Kannapolis to update solid waste collection services

Published 12:00 am Wednesday, December 19, 2018

KANNAPOLIS — With Kannapolis’ Waste Management Inc. contract set to expire in June, the City Council met Monday to discuss possible changes in garbage and recycling services.

Director of Public Works Wilmer Melton said three services were in desperate need of “right sizing”: adjusting for the purposes of saving the city money and preventing abuses of policy.

Two of the services — bulky waste and white goods collection — are now offered weekly to all 18,000 homes that pay for city garbage and recycling services.

E-waste collection has been offered throughout the week through at a drop-off at the Public Works Operations Center.

Melton said the schedules were excessive and that site-based service had led to abuses that have cost the city thousands of dollars because electronics were left unattended and stripped of their valuable parts.
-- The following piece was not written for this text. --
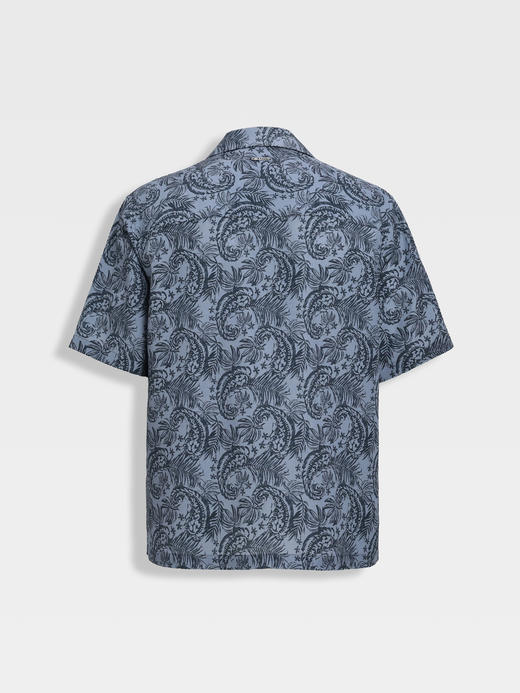 callisto蓝色莱赛尔混纺亚麻植物印花短袖衬衫 商品图1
The council approved updating its 2019 contract to offer all services at curbside on a biweekly schedule to coincide with recycling.

Councilman Roger Haas said this will simply things for customers because they would no longer have to wonder which day of the week to dispose of bulky items or other goods.

“I think this is a great way to make it all uniform and put it all together,” Haas said.

By a vote of  5-2, the council approved making the contract changes with its current vendor rather than putting the contract out to bid.

Councilmen Ryan Dayvault and Doug Wilson voted against staying with the same company, citing several problems with Waste Management.

“My experience has been not the best with the current provider,” said Dayvault. “… The issue that I see consistently is just the lack of respect for our property, the city’s property, which is the cans that we have: throwing them in ditches upside down, tearing lids off, leaving them in all shapes or forms in addition to misses.”

But Melton said similar problems are seen industrywide and in neighboring communities.

“My experience with three different vendors is I think we’re going to have a lot of the same problems,” said Melton. “My fear is that it’s going to get worse. As you get a new vendor, there’s going to be a learning curve. I think the misses that some of you expressed will perhaps be worse.”

He said that an industry standard is that 1 percent to 2 percent of collections are missed. Waste Management has been missing at less than half of a percent.

Councilman Tom Kincaid said the benefits of keeping the same company outweigh the risk.

“I think this can be handled at the local level,” Kincaid said. “I would be afraid if we start this late in the game trying to get a new contract, it would put us behind the eight ball.”

The council also looked at reinstating a position for educating the community about acceptable recycling services, though City Manager Mike Legg said this would need to be further discussed after the results of a compensation study in early 2019.